話をもとに戻そう。1978年、ニューヨーク・パンクの女王=パティ・スミスの「ビコーズ・ザ・ナイト」がリリースされる。ご承知のとおり、この曲はパティ・スミスとスプリングスティーンの共作によるナンバーだ。おそらく「ビコーズ・ザ・ナイト」も『闇に吠える街』の収録曲と同時期に作られたことは間違いないだろう。

こうしたカバーやコラボレーションは、スプリングスティーンのパンク・スピリッツが沸き立つタイミングと無関係だとは思えない。パンクな気持ちが盛り上がって、コラボレーションが決まったのか、コラボレーションにインスパイアされてパンク・スピリッツが盛り上がったのか、はたまたその両方なのだろうか?

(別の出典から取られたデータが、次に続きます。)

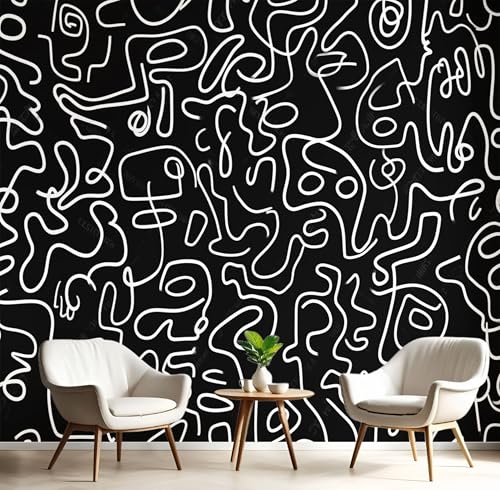 Wandbilder Fototapete Schwarz Weiß Wellenlinien,3D Effekt Tapete Cartoon-Kritzeleien,Seidenwandbilder Für Wohnzimmer Schlafzimmer Kinderzimmer Esszimmer Tv Hintergrund Wanddekoration,200X140Cm Wandbilder Fototapete Schwarz Weiß Wellenlinien,3D Effekt Tapete Cartoon-Kritzeleien,Seidenwandbilder Für Wohnzimmer Schlafzimmer Kinderzimmer Esszimmer Tv Hintergrund Wanddekoration,200X140Cm von GSAEIMCT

いずれにしても、『闇に吠える街』から感じられるパンク・スピリッツは、30年以上のちに作られる『ハイ・ホープス』にぶっとく受け継がれている。ノイジーで荒々しい演奏から歌に向かうスプリングシティーンの姿勢、カバー曲の選曲やコラボレーションの相手に至るまで両作の近似性は明らかだ。

どこまで見えた? ジョン・ランドーの “ロックンロールの未来”


評論家のジョン・ランドーは、スプリングスティーンのライブについて、「私はロックンロールの未来を見た。その名はブルース・スプリングスティーン」と絶賛のコラムを書いた。その “ロックンロールの未来” とはどのくらい先の未来まで見えていたのだろうか? 21世紀の今日までロックし続けるスプリングスティーンが見えていたのだとすれば、とんでもない千里眼である。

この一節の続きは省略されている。